= Hamish MacDonald (artist) =

Scottish artist

Hamish MacDonald DA PAI (January 1935- September 2008) was a Scottish impressionist and colourist artist from Glasgow, Scotland. His paintings feature mainly landscapes and coastal scenes, with some still-life works.
  His work features in several major collections, including those of the Kelvingrove Art Gallery, the Paisely Art Gallery and that of the Duke of Edinburgh.

==Biography==
MacDonald lived in the Scottish Highlands until the age of eight, until he moved with his parents to the south side of Glasgow. He studied at the Glasgow School of Art from 1963 to 1967. MacDonald first exhibited his work at the Cosmo in Glasgow (now the Glasgow Film Theatre). He later taught art at several educational establishments in the Glasgow area, including Jordanhill College of Education, Mortherwell Technical College and Bell College of Technology.
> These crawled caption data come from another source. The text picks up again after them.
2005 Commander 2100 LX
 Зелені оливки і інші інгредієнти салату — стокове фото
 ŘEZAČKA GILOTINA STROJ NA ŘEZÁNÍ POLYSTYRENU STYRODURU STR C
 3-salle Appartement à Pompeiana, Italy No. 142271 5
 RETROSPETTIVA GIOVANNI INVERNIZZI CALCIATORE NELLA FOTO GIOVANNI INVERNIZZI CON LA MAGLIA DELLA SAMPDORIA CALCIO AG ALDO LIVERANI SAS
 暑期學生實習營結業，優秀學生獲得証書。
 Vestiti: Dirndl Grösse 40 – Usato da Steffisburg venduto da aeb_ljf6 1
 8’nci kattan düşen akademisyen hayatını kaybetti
He began his role as Head of Art at St Patrick's High School in Coatbridge in 1974, remaining there until 1992.

MacDonald's paintings were influenced by the Impressionists and the Scottish Colourist movement, especially the works of William Gillies and Joan Eardley. He exhibited his paintings all around the UK, including exhibitions in the Royal Scottish Academy, the Royal West of England Academy and at London and Glasgow art fairs. In 1989 he won the £5000 Laing Art Competition prize.